◆ What to produce
Line by line, repeat all the material exactly as it appears.
▼
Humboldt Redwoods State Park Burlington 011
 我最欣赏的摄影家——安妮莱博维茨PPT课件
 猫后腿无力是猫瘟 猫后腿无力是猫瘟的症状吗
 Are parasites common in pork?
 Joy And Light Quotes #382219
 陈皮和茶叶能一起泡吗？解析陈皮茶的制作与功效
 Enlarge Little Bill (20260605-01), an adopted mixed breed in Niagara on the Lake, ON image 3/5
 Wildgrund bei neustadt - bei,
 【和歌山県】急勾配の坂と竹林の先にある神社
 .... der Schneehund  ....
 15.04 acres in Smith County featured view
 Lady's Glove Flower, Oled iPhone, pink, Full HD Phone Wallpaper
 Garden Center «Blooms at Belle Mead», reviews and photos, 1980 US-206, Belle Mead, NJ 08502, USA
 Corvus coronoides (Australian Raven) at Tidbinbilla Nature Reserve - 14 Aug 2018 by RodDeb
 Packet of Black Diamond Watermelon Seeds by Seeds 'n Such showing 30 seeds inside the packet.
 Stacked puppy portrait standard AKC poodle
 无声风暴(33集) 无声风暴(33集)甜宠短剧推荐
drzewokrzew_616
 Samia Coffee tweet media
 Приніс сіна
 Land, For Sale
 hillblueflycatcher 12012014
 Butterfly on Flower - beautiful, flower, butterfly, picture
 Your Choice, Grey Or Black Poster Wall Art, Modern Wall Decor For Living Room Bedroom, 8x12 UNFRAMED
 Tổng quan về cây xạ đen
▲
◆ Reply
Humboldt Redwoods State Park Burlington 011
 我最欣赏的摄影家——安妮莱博维茨PPT课件
 猫后腿无力是猫瘟 猫后腿无力是猫瘟的症状吗
 Are parasites common in pork?
 Joy And Light Quotes #382219
 陈皮和茶叶能一起泡吗？解析陈皮茶的制作与功效
 Enlarge Little Bill (20260605-01), an adopted mixed breed in Niagara on the Lake, ON image 3/5
 Wildgrund bei neustadt - bei,
 【和歌山県】急勾配の坂と竹林の先にある神社
 .... der Schneehund  ....
 15.04 acres in Smith County featured view
 Lady's Glove Flower, Oled iPhone, pink, Full HD Phone Wallpaper
 Garden Center «Blooms at Belle Mead», reviews and photos, 1980 US-206, Belle Mead, NJ 08502, USA
 Corvus coronoides (Australian Raven) at Tidbinbilla Nature Reserve - 14 Aug 2018 by RodDeb
 Packet of Black Diamond Watermelon Seeds by Seeds 'n Such showing 30 seeds inside the packet.
 Stacked puppy portrait standard AKC poodle
 无声风暴(33集) 无声风暴(33集)甜宠短剧推荐
drzewokrzew_616
 Samia Coffee tweet media
 Приніс сіна
 Land, For Sale
 hillblueflycatcher 12012014
 Butterfly on Flower - beautiful, flower, butterfly, picture
 Your Choice, Grey Or Black Poster Wall Art, Modern Wall Decor For Living Room Bedroom, 8x12 UNFRAMED
 Tổng quan về cây xạ đen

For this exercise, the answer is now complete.